TASK TO COMPLETE =>
Write the listing out again word for word, leaving each picture behind.

SOURCE MATERIAL =>
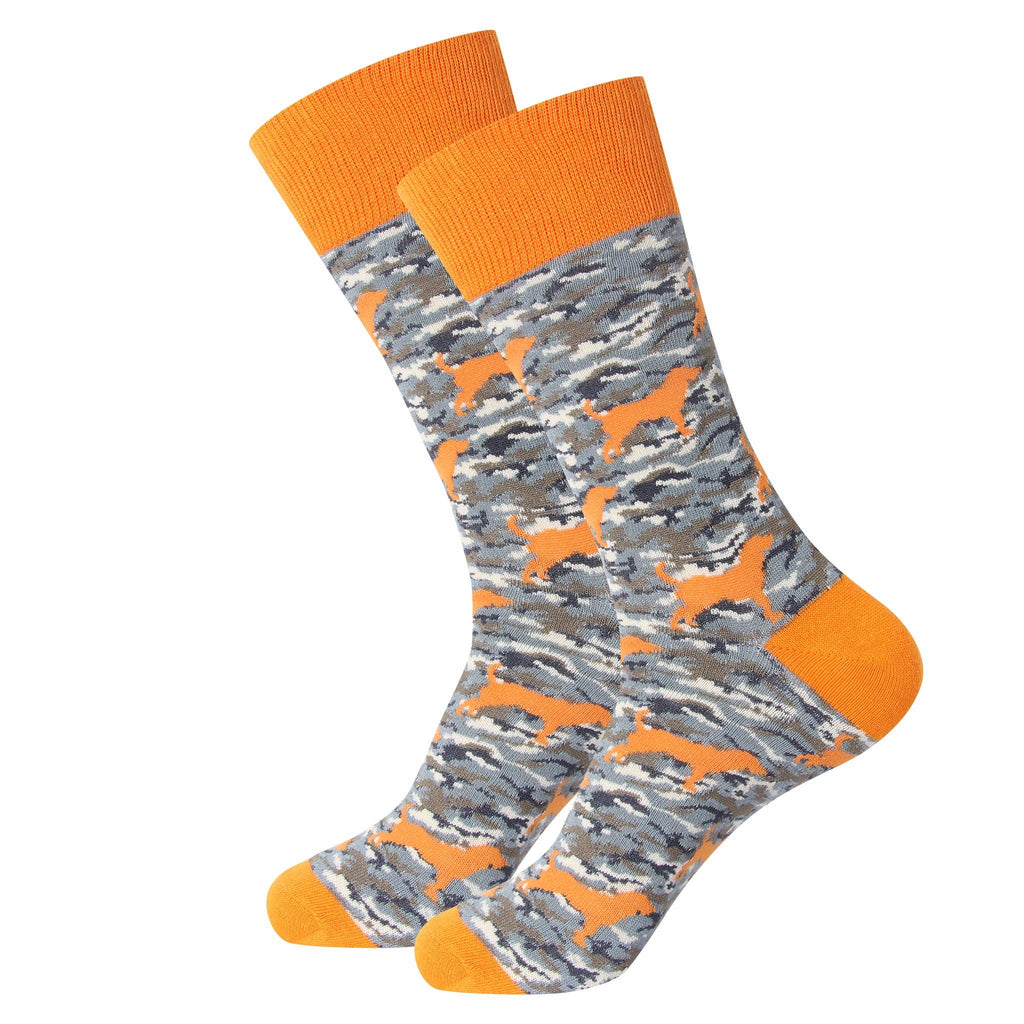 Barrel Down South - Bluetick Coonhound Tiger Stripe Camo Socks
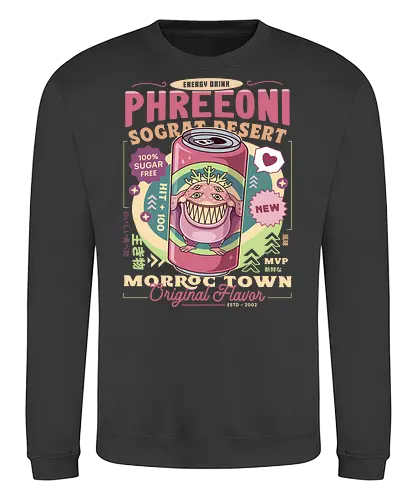 Phreeoni Energy Drink - ragnarok online, slime, mmorpg, ragnarok origin, jrpg, poring, angeling, deviling, deviruchi, ragnarok mobile, geffen dungeon, gaming, video game, gamer, ragnarok eternal love - Sweatshirt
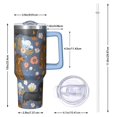thumbnail image 2 of OBREWU Dachshund and Flower Tumbler with Handle and Lid,Dachshund and Flower 40oz Double Wall Vacuum Insulated Tumbler,Cups Gift for Women and Men, 2 of 7
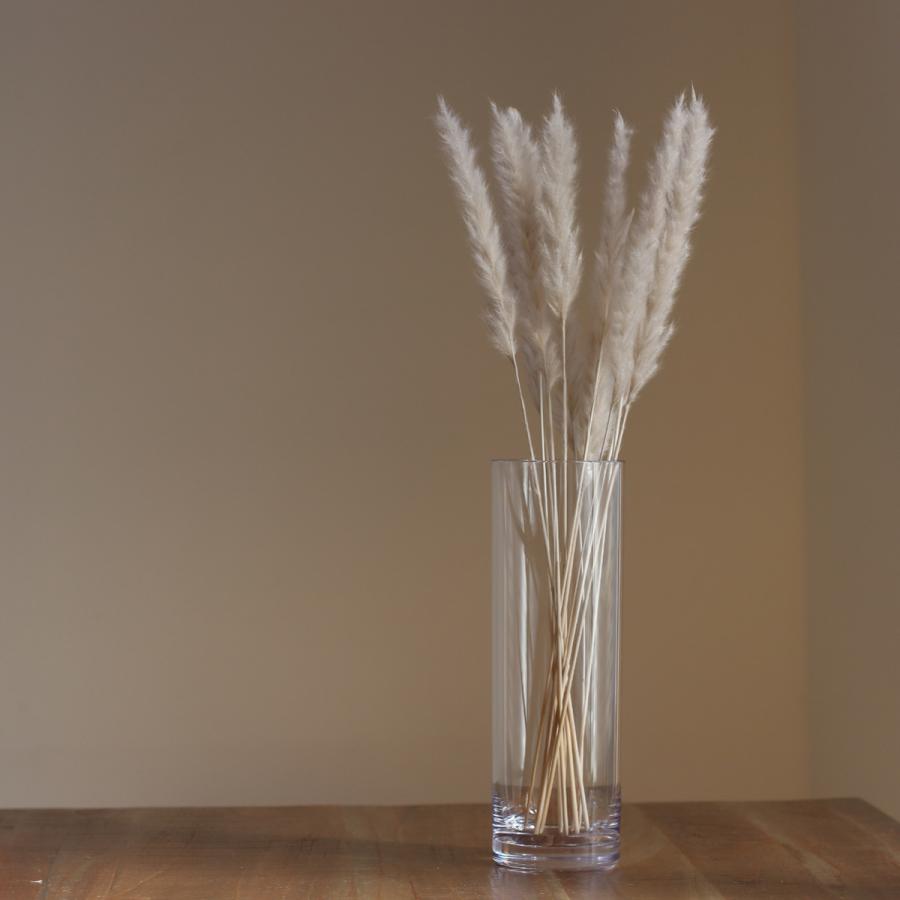 花瓶 割れないガラス PVシリンダー 直径15×高さ35cm （ 花びん 花器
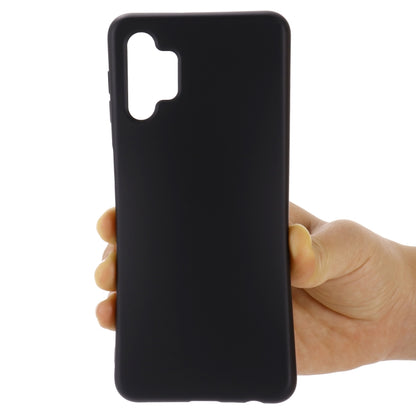 For Samsung Galaxy A32 5G Pure Color Liquid Silicone Shockproof Full Coverage Case(Black) by buy2fix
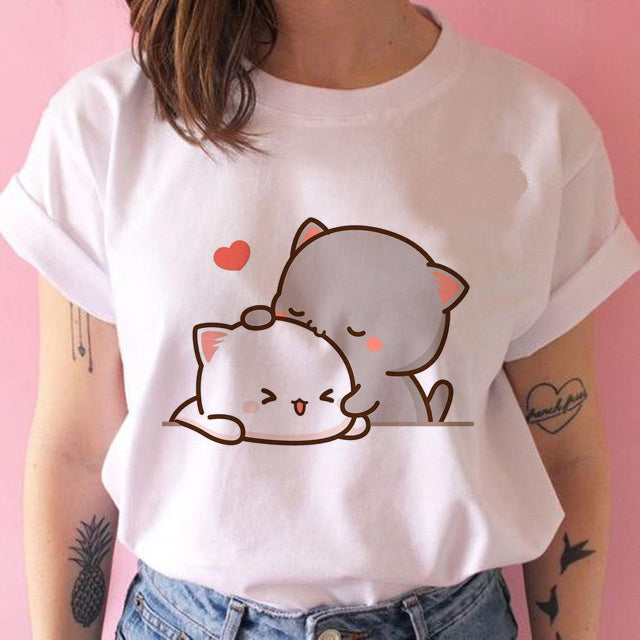 Amanda – T-shirt Kawaii Punk Anime pour Femmes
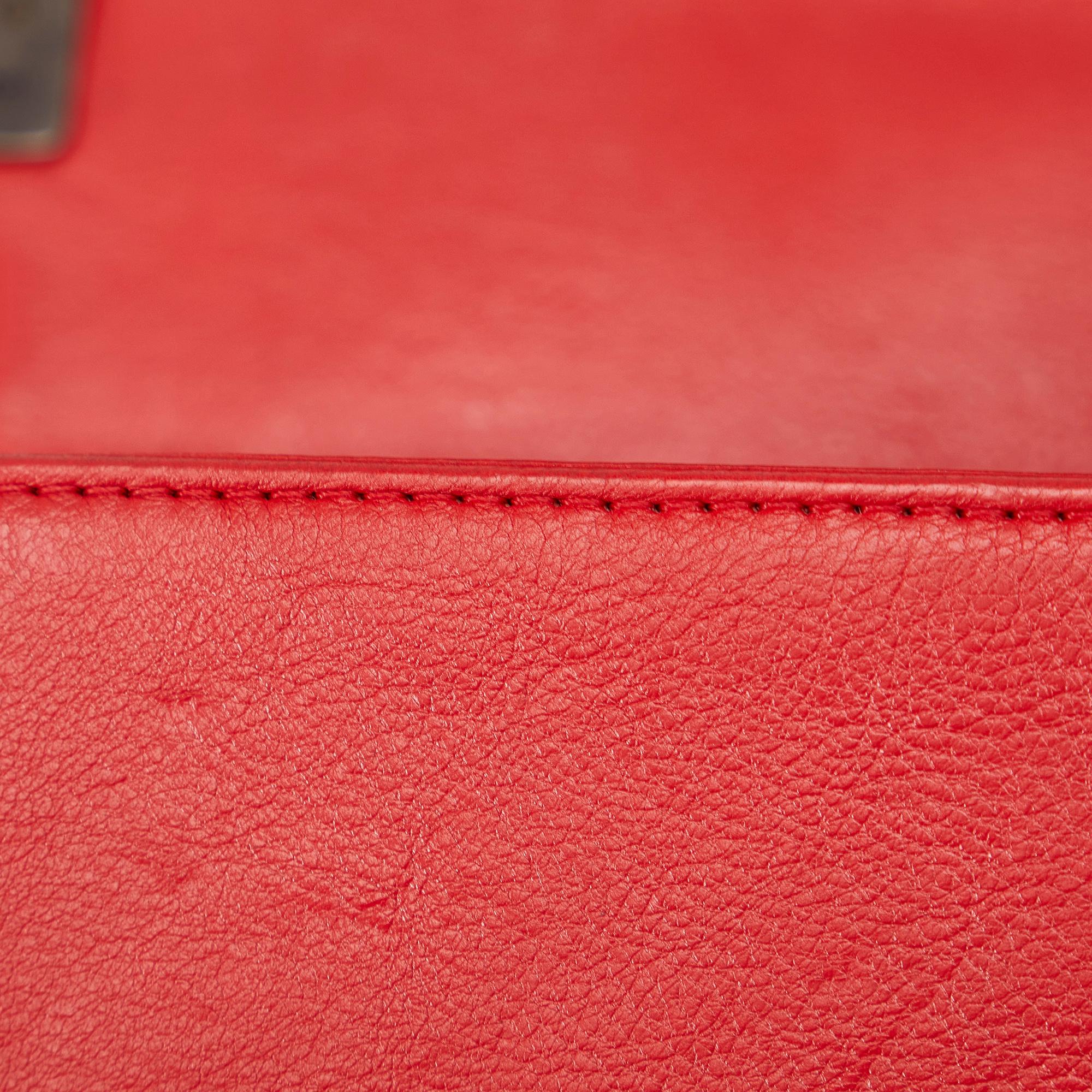 Chanel Small Calfskin Double Stitch Boy Flap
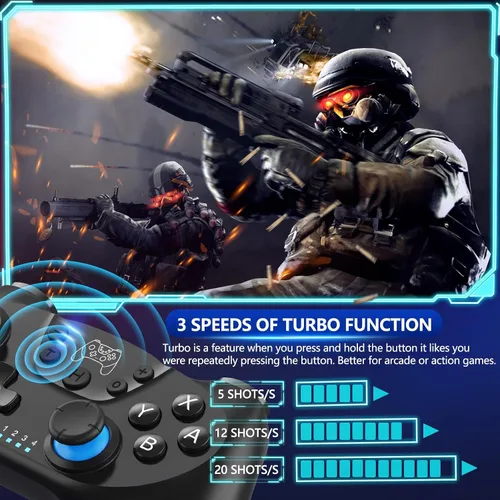 Vista 4 de CuleedTec Upgraded Switch Controller, Wireless Pro Controller for Switch 2/Lite/OLED, Bluetooth Remote Gamepad with Hall Effect Joystick, 6-Axis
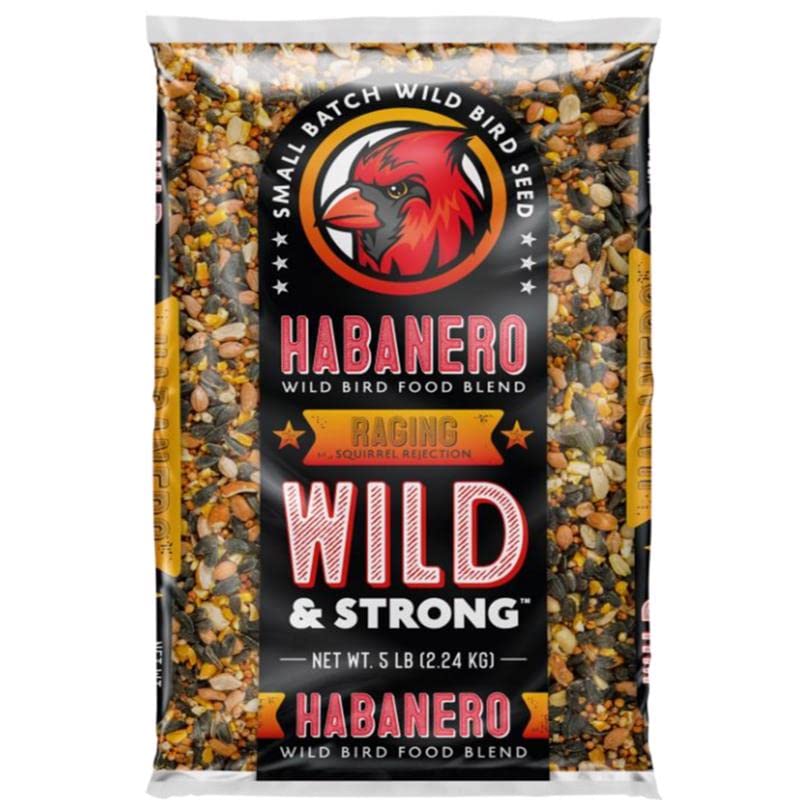 Small Batch Wild & Strong Raging Songbird habanero wild bird food attracts songbirds at feeder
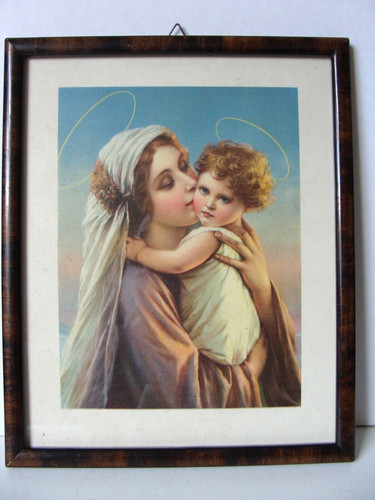 Vintage mary madonna - madonna, child
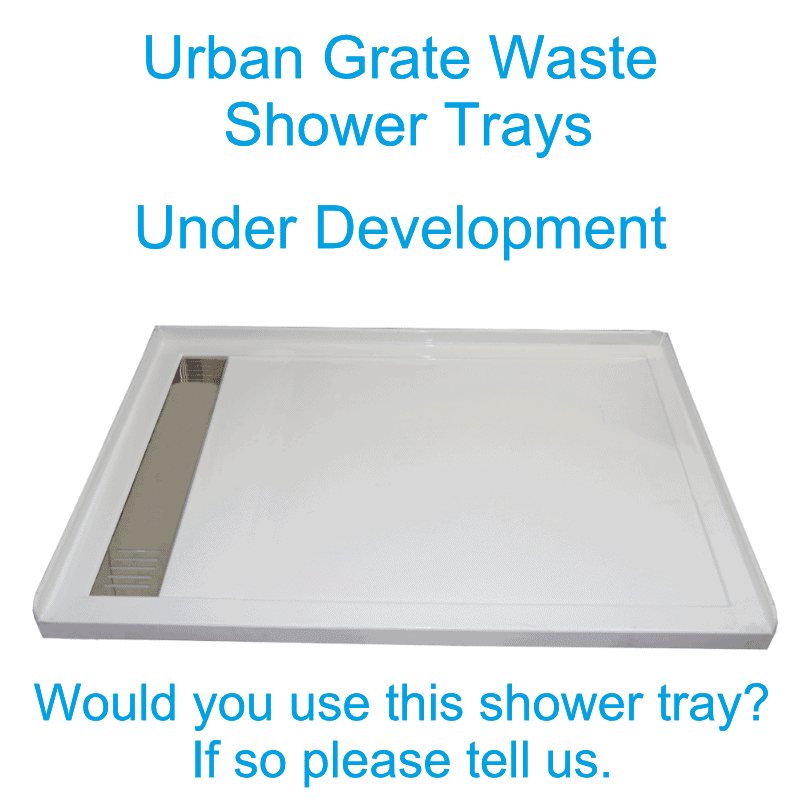 Shower Tray 1400x900 Grate waste Shower Trays NZ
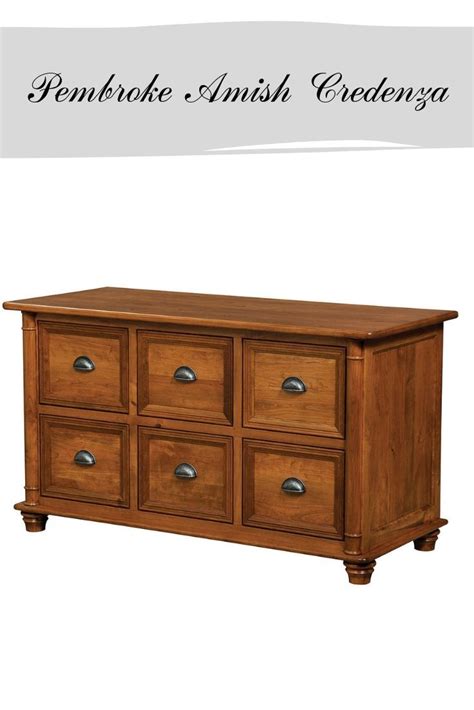 Pembroke Amish Credenza | Office furniture diy, Wooden office furniture ...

SOLUTION BELOW =>
 Barrel Down South - Bluetick Coonhound Tiger Stripe Camo Socks
 Phreeoni Energy Drink - ragnarok online, slime, mmorpg, ragnarok origin, jrpg, poring, angeling, deviling, deviruchi, ragnarok mobile, geffen dungeon, gaming, video game, gamer, ragnarok eternal love - Sweatshirt
thumbnail image 2 of OBREWU Dachshund and Flower Tumbler with Handle and Lid,Dachshund and Flower 40oz Double Wall Vacuum Insulated Tumbler,Cups Gift for Women and Men, 2 of 7
 花瓶 割れないガラス PVシリンダー 直径15×高さ35cm （ 花びん 花器
 For Samsung Galaxy A32 5G Pure Color Liquid Silicone Shockproof Full Coverage Case(Black) by buy2fix
 Amanda – T-shirt Kawaii Punk Anime pour Femmes
 Chanel Small Calfskin Double Stitch Boy Flap
 Vista 4 de CuleedTec Upgraded Switch Controller, Wireless Pro Controller for Switch 2/Lite/OLED, Bluetooth Remote Gamepad with Hall Effect Joystick, 6-Axis
 Small Batch Wild & Strong Raging Songbird habanero wild bird food attracts songbirds at feeder
 Vintage mary madonna - madonna, child
 Shower Tray 1400x900 Grate waste Shower Trays NZ
 Pembroke Amish Credenza | Office furniture diy, Wooden office furniture ...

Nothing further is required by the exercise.